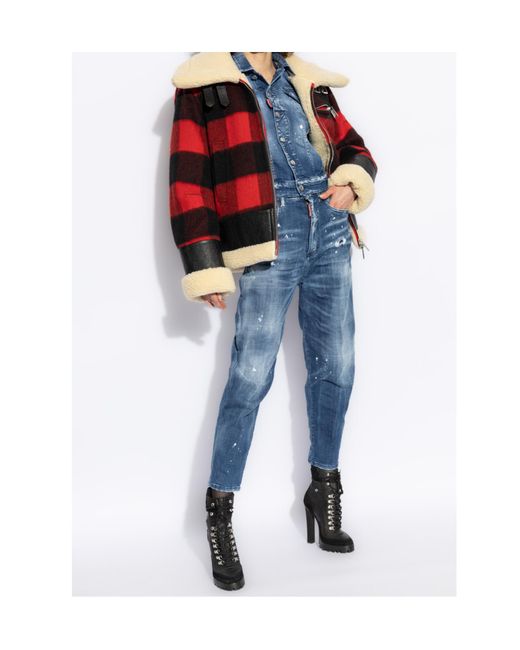 DSquared² Blue Distressed Denim Jacket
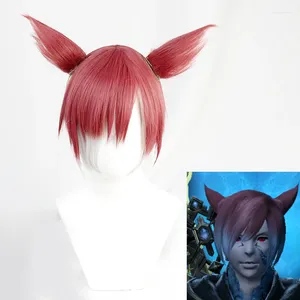 Dostarcza imprezowe Gurahatia FF14 XIV Remake Crystal Exarch Red Srebrny szary z ucha odporna na ciepło syntetyczne włosy halloweenowe czapkę peru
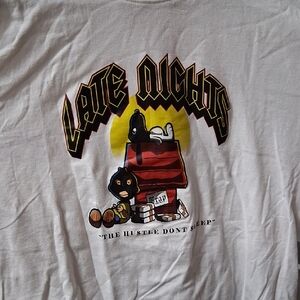 Late Nights White Graphic Tee - Short Sleeve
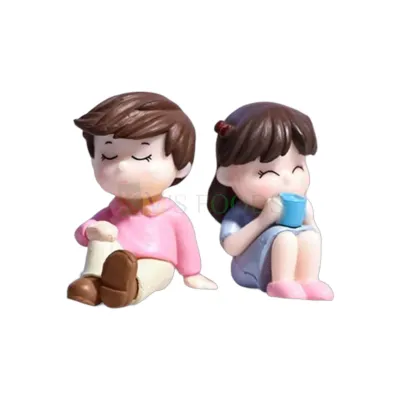 Cake Topper Cute Coffee Couple Miniature Doll Cake Decoration | Fairy Garden | Bonsai Decor | Terrarium Decor | Craft Work | Gift Article and Landscaping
:::
TASK REQUIREMENTS | Exactly as written, restate the lines from the one that contains "Late Nights White Graphic Tee - Short Sleeve" through the final line of the data, both ends included, but leave out the pictures.

RESPONSE TO THIS EXERCISE |
 Late Nights White Graphic Tee - Short Sleeve
 Cake Topper Cute Coffee Couple Miniature Doll Cake Decoration | Fairy Garden | Bonsai Decor | Terrarium Decor | Craft Work | Gift Article and Landscaping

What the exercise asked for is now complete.